Post the species you're targeting, a pic if possible of tackle, and a description. This will allow us to help each other out and maybe learn a few things from each other. Some guys use this technique while others use that technique. 

I'll post up mine shortly. Try and break it down for everyone. I will post my mono size, crimps size, leaders, hook, swivels etc. This will keep people from asking questions and possibly never finding out the answer.


----------



## Justin618 (Aug 18, 2013)

Ok here is what I personally run

Reels- shimano tiagra 130s
line- (1) 1000 yards of 130lb momoi (2) 800+ yards of 250lb braid and 500 yards of 130lb momoi.
rods-(1) shimano tallus 130 class. (2) half hitch custom 80 class

my rigs-
Mono leader

30' of 400lb mono. On main line end I have a swivel with Flemish knot and double crimped (2.3). I have a smaller snap swivel (any size works) that slides on mono leader for my weight. At the end of mono leader I have a snap swivel Flemished knot and again double crimped with 2.3.

cable/bite section

2 different rigs

10' of 480lb cable with a swivel on mono leader end with a Flemish knot and double crimped(1.8). On hook end I have either a 20/0 mustad or a 14/0 ownwr. All hooks are plasti dipped to help stop corrosion. The hook also has a Flemish knot and double crimped.

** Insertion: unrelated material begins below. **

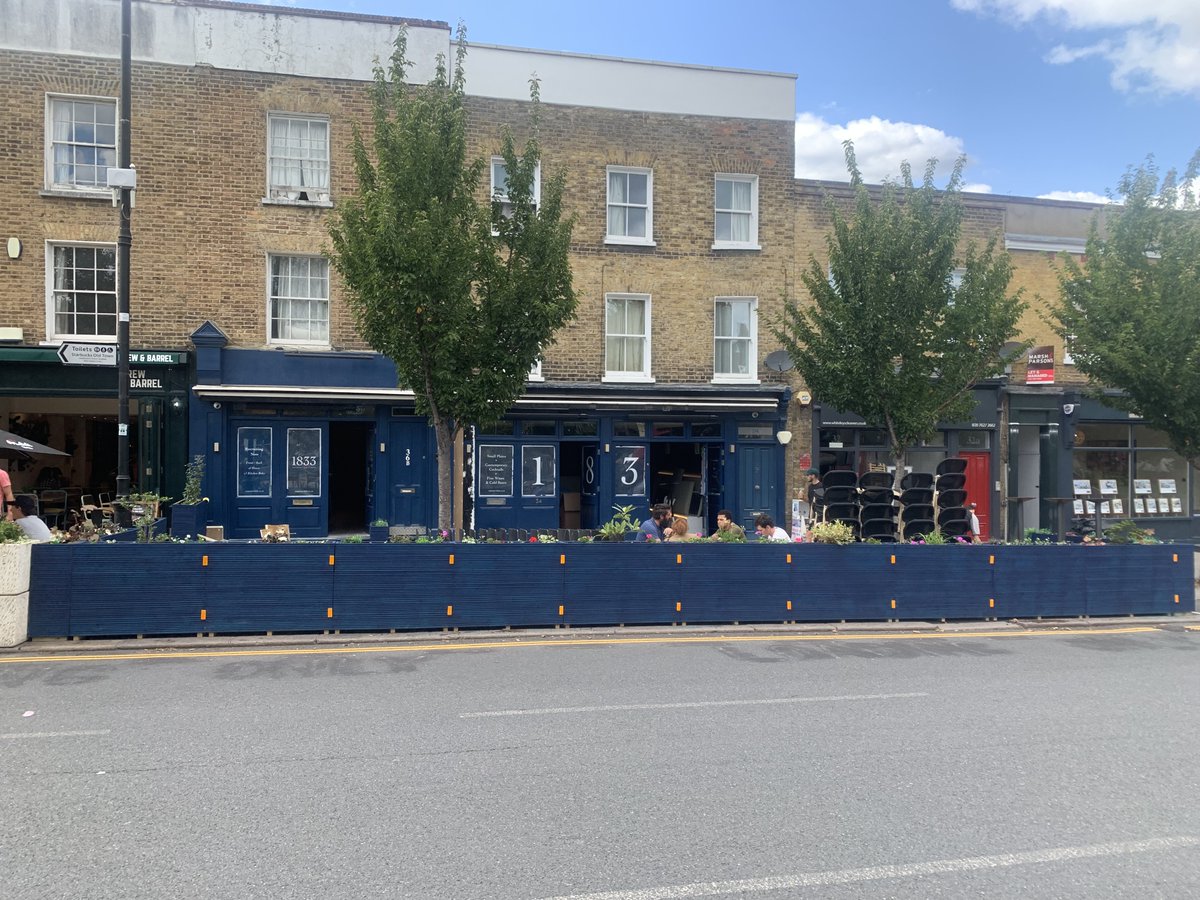#LambethsBigShift has launched the Business Parklet Scheme🪴 Apply to have a parklet in the kerbside outside your business Parklets provide many benefits for businesses like more space for customers🥳 Register interest by 12 January 2024 More info👉 orlo.uk/EPcwm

10' of #19 wire haywire twisted to a swivel on mono leader end. Same hooks haywire twisted as well.

This makes for Easy set up and pack up. The snap swivel is clipped to reel. When I get to beach I unclip and start to clip in sections of leaders. Done in about 5 mins, if that.

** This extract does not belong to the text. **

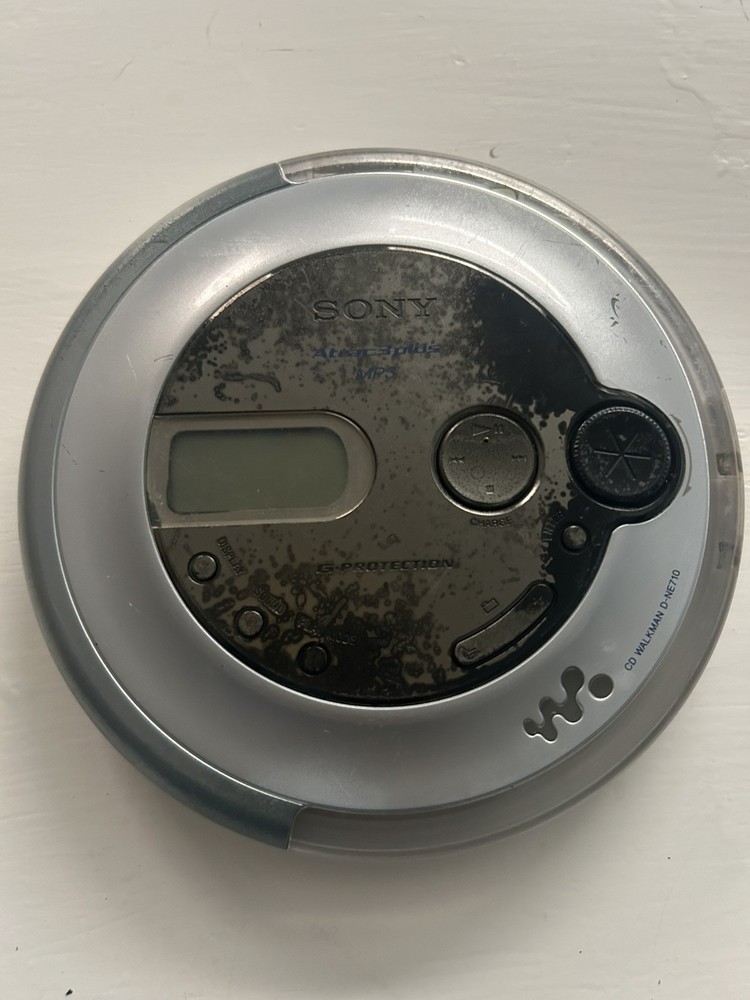 Sony Walkman D-NE710 Personal CD/MP3 Player - TESTED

For sand spikes I run 2" pvc 5' long. Angle cut on bottom and a 1/4×3" bolt about 15" down. This will change with every rod set up based on butt


So here is all the terminal tackle I use

400# mono
2.3 crimps
480# cable
1.8 crimps
#19 wire
500lb 4/0 snap swivels
any size snap swivel for weight to clip in
Barrel swivels (doesn't have size or weight. I'd guess 800+/-)
20/0 mustad hooks
14/0 ownerin

I also package and wrap all my leaders up. Helps to keep in good shape.


----------



## turksgonefishin (Mar 1, 2013)

*Shark Rig*

Reel: Okuma 50W Makaria 
Rod: 5'6" 100-130lb 
Backing:1,000 yd JB 100lb Hollow Braid
Top Shot: 300 yd 80lb Momoi's Hi-Catch Diamond Blue
Swivel: 300lb Catch All Tackle
Leader: 300lb Catch All Tackle 10ft.
Wire Leader: 300lb 6 Strand American Fishing Wire 6ft.
Hook: 16/0 Custom Hook from some guy…..
Sinker: 6oz Super Sinker or a nice Brick
Kayak: 8ft Sit on top Yak
Bait: 7 year old boy


----------



## Justin618 (Aug 18, 2013)

Very well laid out


----------



## turksgonefishin (Mar 1, 2013)

Nice Set Up i hope you catch that monster Hammer this Year!


----------



## southern yakker (Jun 25, 2012)

I do a little sharking but not that much. I use a spinfisher v loaded with 65 pound braid. If I'm fishing the beach I use a mono top shot but if I'm fishing piers or bridges I just tie straight to the leader. I use 200 pound seven strand with 400 pound swivel and 13/0 or 20/0 laser sharp hooks. They have them at outcast that are pretty cheap compared to others and they seem to be damn good hooks. I'm not a lazer sharp fan but these work well. I double crimp all my shark leaders. It just depends on the size bait I use for the size hook I put on. The current determines the weight I use, sometimes I free line, Carolina rig, or tie a big pyramid weight. Seems to work fine for me but I'm not a pro and don't go for the 800 pounders either.


----------



## lowprofile (Jan 6, 2013)

That okiaya is a beast of a rod but the rollers suck.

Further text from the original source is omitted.